Poussé vers la sortie par son parti, Thabo Mbeki avait annoncé dimanche soir qu'il avait remis sa démission. En décembre déjà, il avait été évincé de la présidence de l'ANC, lors d'un congrès aux allures de coup d'Etat interne qui avait porté à sa tête son rival Jacob Zuma. Dix jours après, le nouveau chef de l'ANC était inculpé pour corruption dans le cadre d'une enquête impliquant le groupe d'armement français Thales. Ses partisans avaient immédiatement hurlé au complot. Le non lieu pour vice de forme, prononcé le 12 septembre, par un juge qui a évoqué des pressions politiques dans le dossier, leur a fourni les munitions pour réclamer la tête de Mbeki.
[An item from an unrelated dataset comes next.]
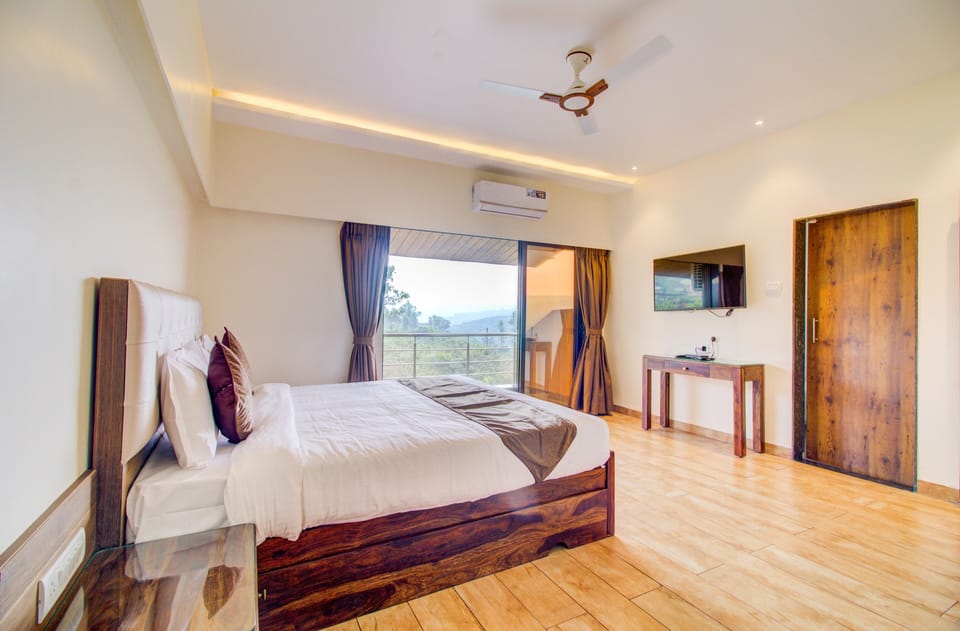 Family Room | Free WiFi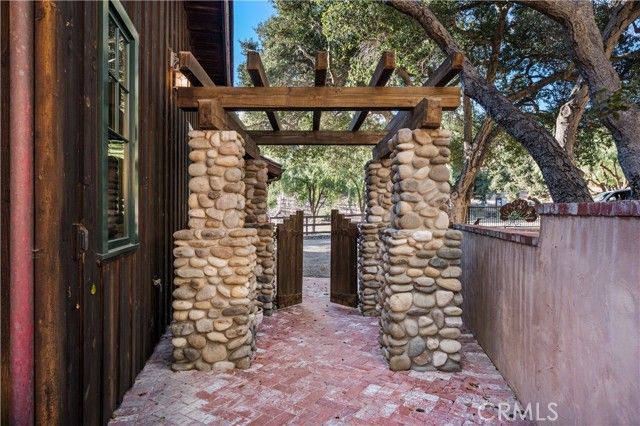 4086 E Oak Trail Road, Santa Ynez, CA 93460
Kgalema Motlanthe, connu pour sa modération, avait intégré le gouvernement Mbeki il y a quelques semaines afin d'assurer une transition en douceur pour le camp Zuma, en tant que ministre à la présidence. Son choix semble témoigner d'une volonté de pondérer la crise née de la décision du comité directeur de l'ANC, qui avait appelé samedi Thabo Mbeki à la démission sans attendre l'alternance découlant des élections générales. Ce stratège politique de 59 ans est l'une des figures les plus populaires de la nouvelle équipe dirigeante du parti. Il a ces derniers mois mené une campagne de réconciliation dans le pays, visant à rassurer la minorité blanche et les investisseurs étrangers inquiets de la réputation populiste de Jacob Zuma.